With the Liberals forming government again in 2009, he retained his portfolio in finance, and in addition was named Deputy Premier. He added Minister Responsible for Small Business to his portfolio on October 25, 2010, before being additionally appointed as Minister of Health Services on November 30 that year.

On March 30, 2010, Hansen introduced legislation to bring in the harmonized sales tax (HST), replacing the previously separate 5% federal goods and services tax and 7% provincial sales tax. However, the proposal was met with strong opposition from most members of the public. Facing low approval ratings, Campbell announced his intention to resign as Premier and Liberal leader on November 3, 2010. Hansen threw his support behind Kevin Falcon in the ensuing Liberal leadership election, which was won by Christy Clark in 2011; she did not name Hansen to a cabinet post. In September 2012, Hansen announced he would not seek re-election as Vancouver-Quilchena MLA in the 2013 provincial election.

== Post-politics ==
After politics, Hansen served from 2014 to 2019 as the president of AdvantageBC, a non-government organization dedicated to promoting British Columbia as a place for international business. He continues to sit on the board of AdvantageBC following his term as president.

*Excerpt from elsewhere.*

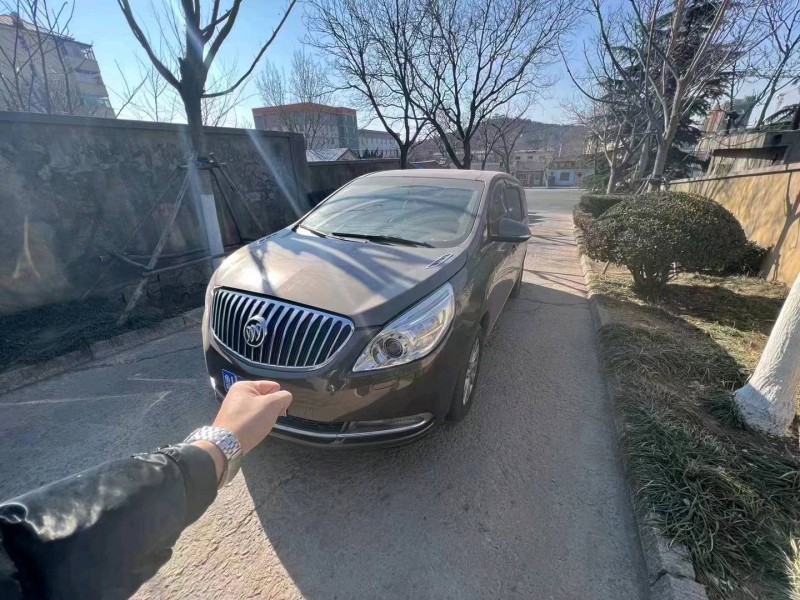 青岛12年别克GL83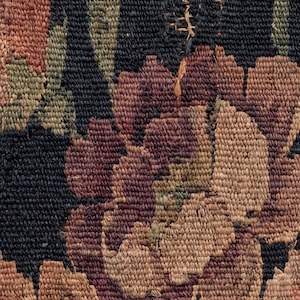 Puede incluir: Un conjunto de tres jarrones de cer&aacute;mica de diferentes alturas y formas. Los jarrones est&aacute;n esmaltados en un acabado blanco mate, ofreciendo una est&eacute;tica minimalista. El jarr&oacute;n m&aacute;s alto mide aproximadamente 25 cm de alto.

He serves on several not-for-profit boards including serving as Chair of the Fraser Basin Council, Honorary Governor of the Vancouver Foundation, Arthritis Research Canada, Jack Austin School of Asia Pacific Business Studies and the Canada-Japan Society.

Hansen has participated on a politics panel for CBC Vancouver's radio show CBC Early Edition.